I've been looking at this a bit more, and it raises a concern.
While
results = Author.find :all,
:include => :signings,
:conditions => ['signings.when >= ?', '2007-10-01']
works, it instantiates an AR object for each signing, effectively
pre-loading the signings association for each author. Many times this
is what's wanted
However, since my example is really an analog for a more complex
situtation, what if there are LOTS of signings, and they are fairly
heavy-weight objects. The use case here is that I want to present a
list of 'Authors' filtered by those who actually have a 'signing' to
attend, and then when an author is selected to present his/her
signings for selection.
Is there an easy way to do the search to find all of the 'authors' but
leave instantiating the signings association collection until it's
needed?
I tried (Item is the real name for the Author analog, and Schedules for signing:
Item.find(:all, :joins => ' LEFT OUTER JOIN schedules ON
schedules.item_id', :conditions => ['schedules.begin_date > ?',
Time.now])
But that returns 26520 Item objects while:
Item.find(:all).length => 34
The problem here is that one AR object is being instantiated for each
row returned by the outer join.
I imagine that it's an enhancement request to be able to have my cake
and eat it too, i.e. to be able to 'include' :schedules for purpose of
the where clause, and to maintain identity for the resulting Item
objects, but NOT pre-instantiate the schedules association.
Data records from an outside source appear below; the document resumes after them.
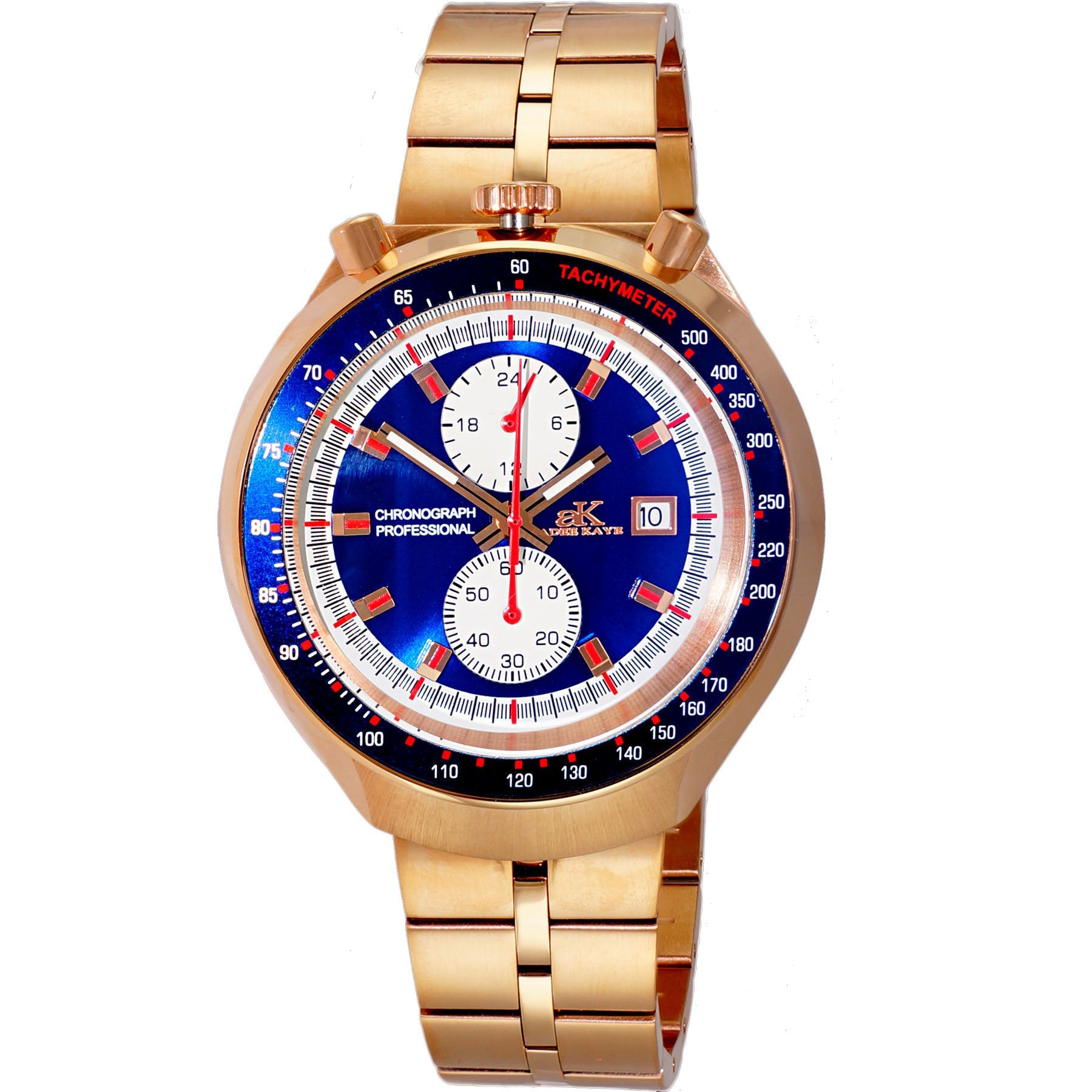Adee Kaye men’s gold-tone chronograph watch with blue dial and tachymeter bezel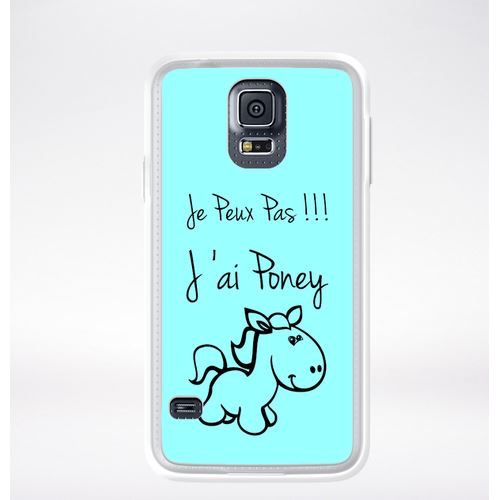 Coque Citation Poney Turquoise Compatible Samsung Galaxy S5 Transparent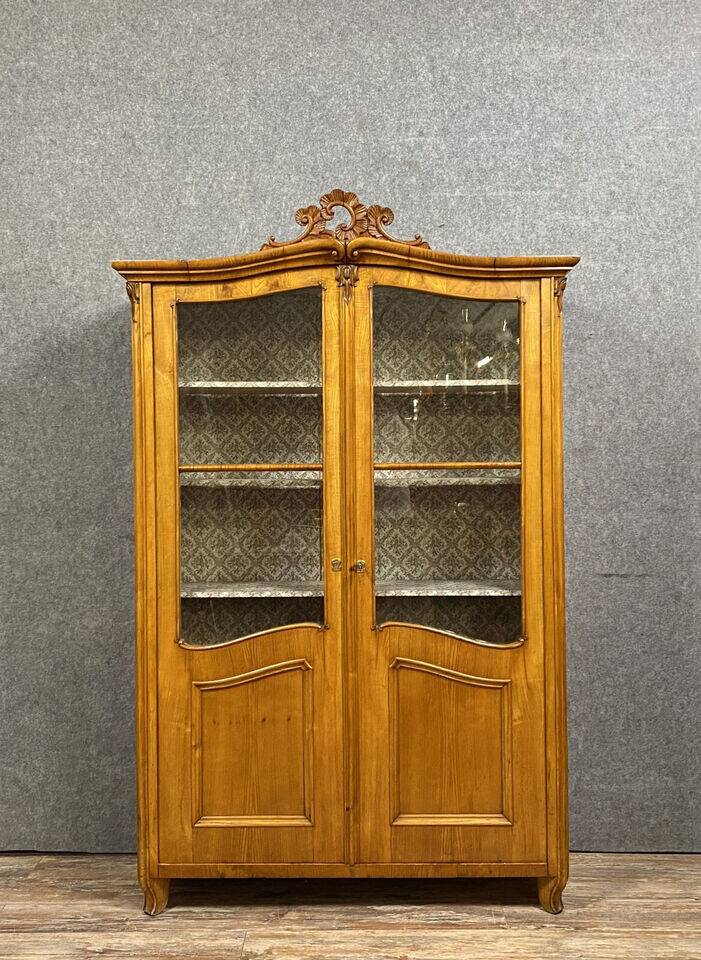 Louis XV bookcase in light wood circa 1800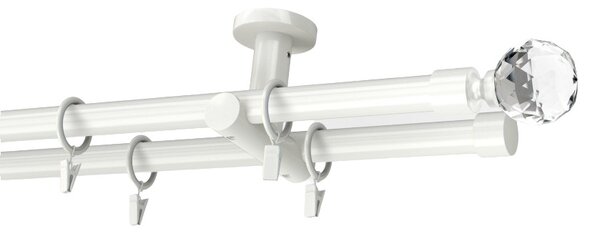 Kovovégarnýže.cz Stropní garnýž Globe modern 19 mm bílá lesklá Varianta jednořadá nebo dvouřadá: Jednořadá, Délka: 120 cm, Uchycení látky: Kroužky s žabkou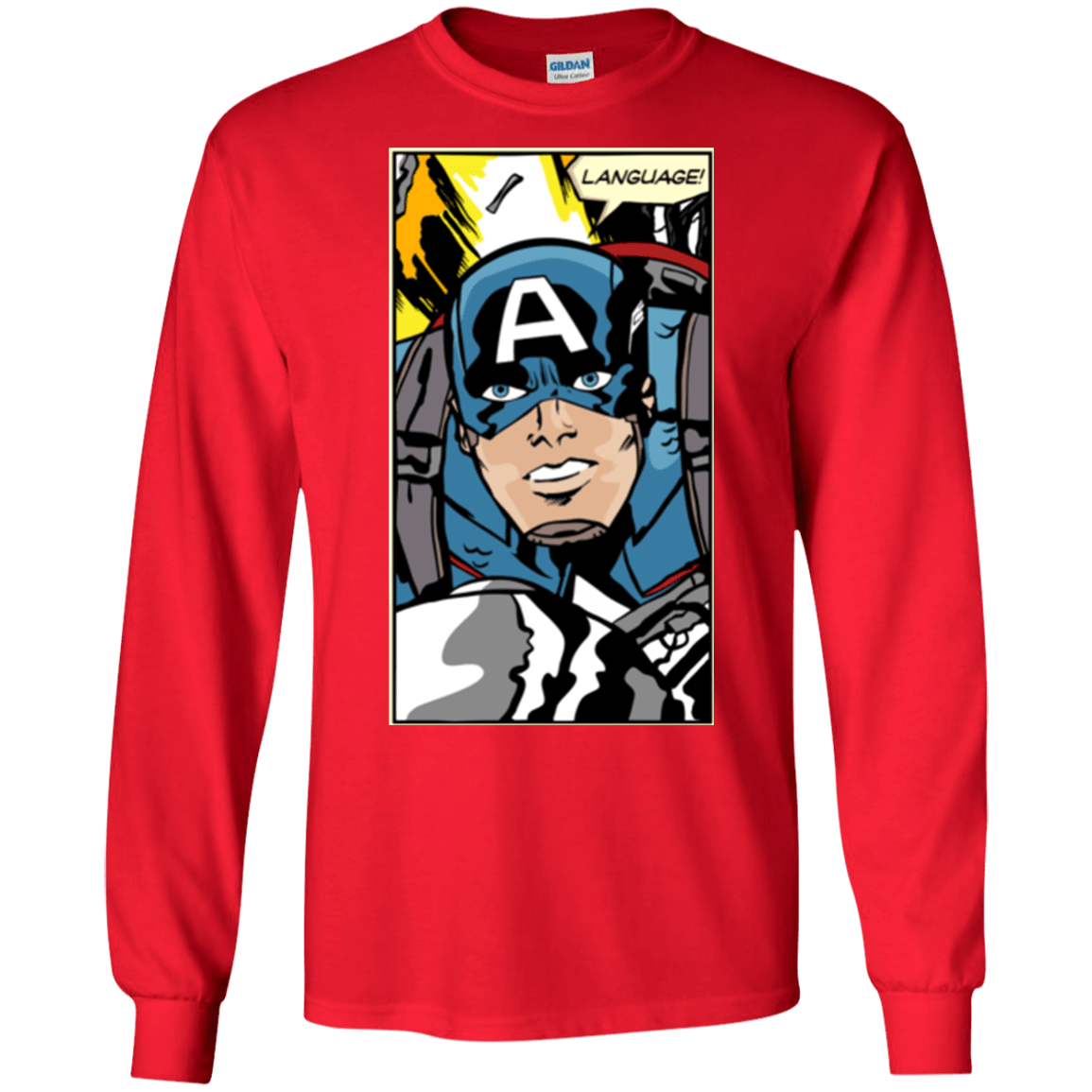 T-Shirts Red / S Language Men's Long Sleeve T-Shirt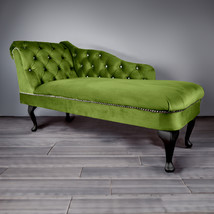 Regent Handmade Tufted Olive Green Velvet Chaise Longue Bedroom Accent C... - £255.19 GBP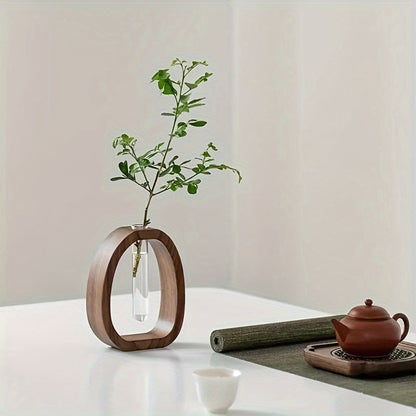 RusticAqua | Walnoot massief houten mini watervaas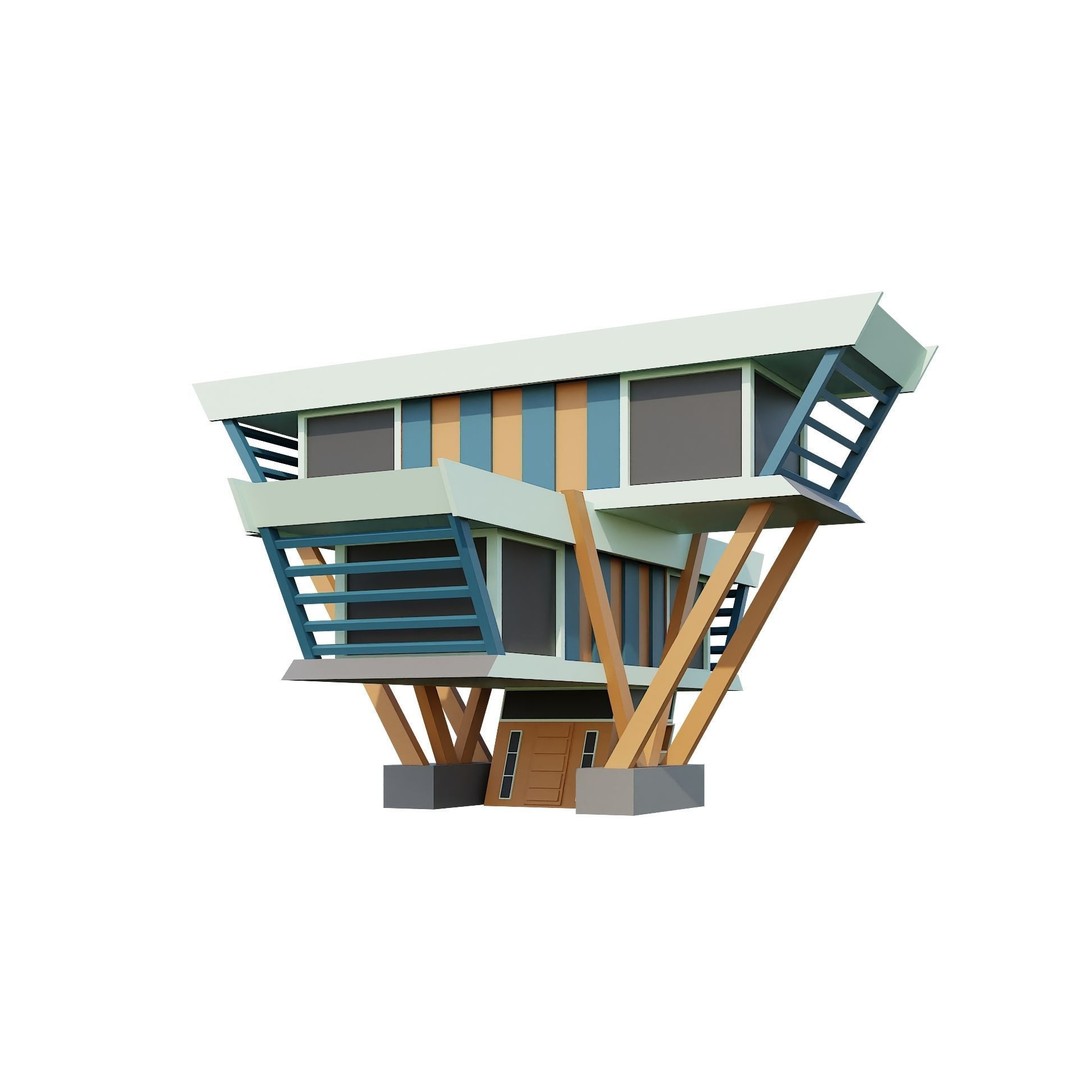 Modern House 3D Model – Low Poly Building Pack, Game Ready FBX - View 98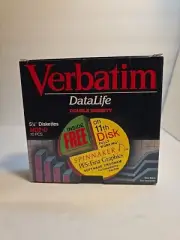 Verbatim MD2-D DataLife Double Density 5 1/4" Diskettes 10 Piece NEW LOOK
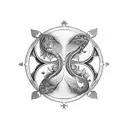 libra and pisces combined tattoo tattoo design idea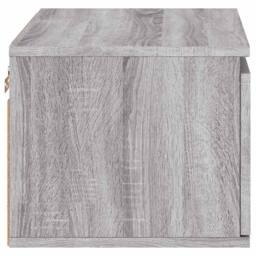 Berkfield Home Durable Wall-mounted Bedside Cabinet with LED Lights Grey Sonoma - thumbnail 8
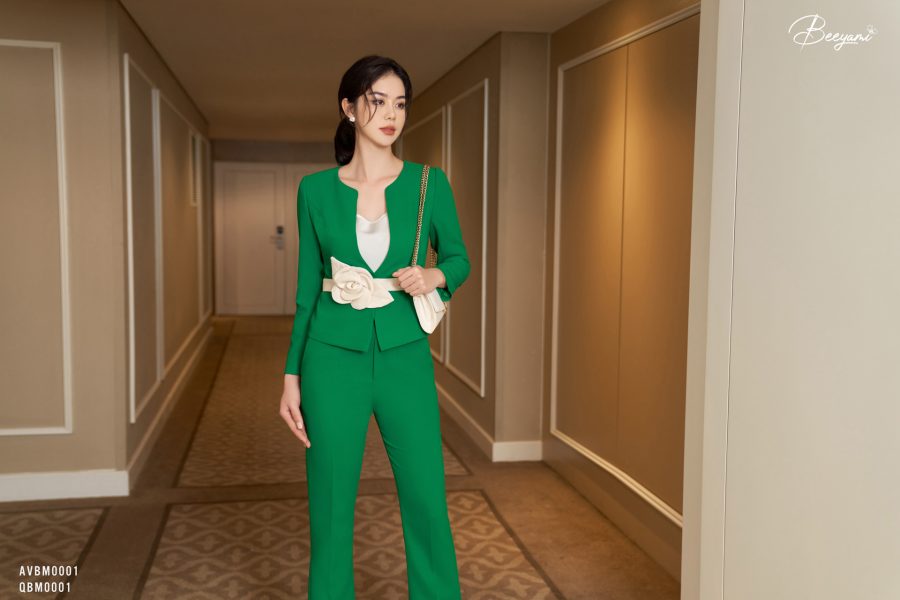áo vest cổ tròn cách điệu xanh kelly – 4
Now I could of course get the expanded list and uniq it, but if I benchmark:
Item.benchmark('join') {Item.find(:all, :joins => ' LEFT OUTER JOIN
schedules ON schedules.item_id', :conditions => ['schedules.begin_date
?', Time.now]).length}
=> 26520
Item.benchmark('include') {Item.find(:all, :include => :schedules,
:conditions => ['schedules.begin_date > ?', Time.now]).length}=> 25
The log shows:
join (2.27320)
include (0.18201)
So the cat's already out of the bag as far as time efficiency.